When a cell turns cancerous, it expresses certain biomarkers, including abnormally glycosylated surface proteins, that indicate the presence of cancer. DeLisa’s group equipped E. coli with the machinery to produce such proteins, including one that closely resembled a prominent cancer biomarker, mucin 1 (MUC1).
“The glycosylated version of MUC1 is one of the highest-priority target antigens for cancer therapy. It’s been very challenging to develop therapies against this target,” said DeLisa, the paper’s senior author. “But by having a biosynthetic tool like the one we’ve created that is capable of replicating the MUC1 structure, we’re hopeful that this could provide glycoprotein reagents that could be leveraged to discover antibodies or employed directly as immunotherapies, all of which could help in the fight against certain types of cancer.”
Both O-linked and N-linked glycans have also been discovered in one of the surface proteins of the SARS-CoV-2 virus, which causes COVID-19. DeLisa is hopeful his group’s method of bacterial cell glyco-engineering will open the door for creating glycosylated versions of this S-protein that could lead to therapeutic antibodies against the coronavirus, or the development of a subunit vaccine.

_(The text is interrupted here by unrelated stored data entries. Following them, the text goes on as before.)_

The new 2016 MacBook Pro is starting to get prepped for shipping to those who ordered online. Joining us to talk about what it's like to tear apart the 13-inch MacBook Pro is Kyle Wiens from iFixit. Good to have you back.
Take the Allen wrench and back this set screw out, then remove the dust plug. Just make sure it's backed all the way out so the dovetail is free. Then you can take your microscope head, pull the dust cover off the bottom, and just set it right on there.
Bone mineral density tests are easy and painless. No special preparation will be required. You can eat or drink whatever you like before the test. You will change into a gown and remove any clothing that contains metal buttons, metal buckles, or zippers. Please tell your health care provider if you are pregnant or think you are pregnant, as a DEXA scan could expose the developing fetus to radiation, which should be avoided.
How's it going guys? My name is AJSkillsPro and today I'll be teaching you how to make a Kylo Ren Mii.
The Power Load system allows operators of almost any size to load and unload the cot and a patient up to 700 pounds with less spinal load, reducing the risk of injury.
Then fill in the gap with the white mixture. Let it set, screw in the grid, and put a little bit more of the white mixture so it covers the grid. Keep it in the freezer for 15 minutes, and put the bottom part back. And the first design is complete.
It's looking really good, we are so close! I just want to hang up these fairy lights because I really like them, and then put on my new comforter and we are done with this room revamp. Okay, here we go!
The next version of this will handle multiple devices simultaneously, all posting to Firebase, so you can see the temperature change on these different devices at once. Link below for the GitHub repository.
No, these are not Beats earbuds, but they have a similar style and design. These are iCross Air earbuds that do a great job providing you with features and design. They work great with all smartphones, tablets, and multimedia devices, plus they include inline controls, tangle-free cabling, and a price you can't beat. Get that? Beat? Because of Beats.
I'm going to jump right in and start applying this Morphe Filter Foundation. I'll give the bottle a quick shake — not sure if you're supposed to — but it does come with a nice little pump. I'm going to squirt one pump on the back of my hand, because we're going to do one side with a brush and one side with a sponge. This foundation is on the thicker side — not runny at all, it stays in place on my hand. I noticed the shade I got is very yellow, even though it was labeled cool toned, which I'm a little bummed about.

Because of their earlier work replicating N-linked glycans, the researchers were able to get the O-linked system up and running quickly. Now DeLisa’s lab is primed to make proteins that carry both types of glycosylation, which is significant because many glycoproteins, such as the S-protein in SARS-CoV-2, carry both N- and O-linked glycan structures.
The researchers are also exploring ways to increase the spectrum of glycoproteins that their engineered E. coli cells can produce and the efficiency with which these products are generated.
“We think of E. coli as a clean chassis or a blank slate when it comes to protein glycosylation, because these bacteria do not normally peform glycosylation reactions like the ones we have installed,” DeLisa said. “This allows construction of these pathways from the bottom up, giving us total control over the types of glycan structures that are made, and the specific sites in target proteins where they’re attached. That is a level of control that is difficult to achieve with other preexisting cell-based systems or technologies for glycoprotein engineering.”
Contributing authors include: Jeffrey Varner, professor in the Smith School of Chemical and Biomolecular Engineering; undergraduate researchers Marielisa Cabrera-Sánchez ’18, Jody Mohammed ’20 and Olivia Young ’19; Emily Cox, Ph.D. ’19; Michael Vilkhovoy, Ph.D. ’19; doctoral students Thapakorn Jaroentomeechai and Sandra Vadhin; and researchers from the University of Georgia’s Complex Carbohydrate Research Center.
The research was supported by the Defense Threat Reduction Agency, the National Science Foundation, the National Institutes of Health and the Cornell Center on the Physics of Cancer Metabolism. The researchers made use of the Cornell Institute of Biotechnology, where DeLisa serves as director.